The actors first saw the prototype as possessing a certain symbolic value, representing the achievement of the actions. “This community garden is there as a space, a proof of community co-creation, unlike some of the activities I did before, which were done [without physical outcome] (P17)”. Prototype is also a manifestation of attracting more participants, like P01 said “[the co-creation activities] made things happen and for others to see and come.” Some actors can further realize that the prototype becomes the basis for subsequent actions to unfold, “it [referring to some projects and outcomes] has the potential to stay in this community and do the construction of new services and mechanisms (P14).”

The ability of the prototype to allow the actors in the dialogue to see more possibilities is key to the action being sustainable, “[referring to the project of doing] […] There are more fun, more interesting ideas (P07).” The prototype can carry meanings that are always in flux. The constant clarification of meaning through the prototype provides more possibilities for the next conversation [39] “The process is in flow, in change, in debugging (P02).” And designerly way of thinking can embrace this ambiguity and construct new communities in clarification and understanding.

This process often requires additional communication efforts over time, so practitioners of relational design often need the help of government, companies or educational infrastructures to hire them as social organizations, corporate public relations, or researchers, at the first steps until a sustainable operating mechanism is explored. These influences can transform relational design back to a short-term movement or project, becoming a “cost of trial and error,” failing “socialization of design.”

Prototyping in Everyday Life.

The prototype builds the scene for the actor, combined with the interpretation of the action scene in the ethnomethodology, the prototype is the component of the action, and it is also the external environment for the action after a common understanding. The scene itself is a part of the action and also meanwhile the result of the action [27, 41].

Everyday life is a crucial action scene that connects the two spaces of meaning: society and community. The concepts of “generator of everyday events” and “condensed social scenes”, as identified by the actors, point to “everyday actions” that are closer to the world of life. Therefore, when it comes to dialogue and creating meaning with residents, prototypes that are close to everyday life play a vital role “[…] Through programs such as the Museum of Community story [….] [we can] get closer to this resident (P18).” “[…] How to develop individual self-drive in our existential scenario (P05)”, “[…] And I think the concept of community is a living space […] S focus more on the people who live in it […] (P08)”. The actors believe that these ‘close to life’ prototypes can be further transformed in the community to “meet or create the everyday life of the community (P14)” and “enable people to participate in life of the city (P02)”, actors indicated that “[Social innovation practices] that involve community residents are very much a part of everyday life (P02).”
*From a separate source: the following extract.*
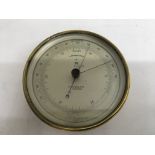 A brass cased aneroid barometer by T Wheeler of Lo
Not only do prototype plays an important role in internal community action, but actors need to explain the function of prototype and the rules of action in external space of meaning - the actors communicate with different stakeholders in society from the perspective of a “structure builder”. “Everyday life” also becomes a mediator of meaning connected to the whole community.

5.3 Constructing Roles

The delimitation of decision-making authority and role-building within the community are the products of the structure builder perspective. In continuous interaction, new common meanings are created and embodied in the prototype. The new prototypes change the role of actors in the community. The changes in roles bring about new communities. With this comes a change in meaning, and new interactions occur again. Among them, the change of roles needs to be coordinated from a perspective outside the community. The actors, in this case, take structure-builder perspective and collaborate to initiate a collective reinvention as a “game-changer”.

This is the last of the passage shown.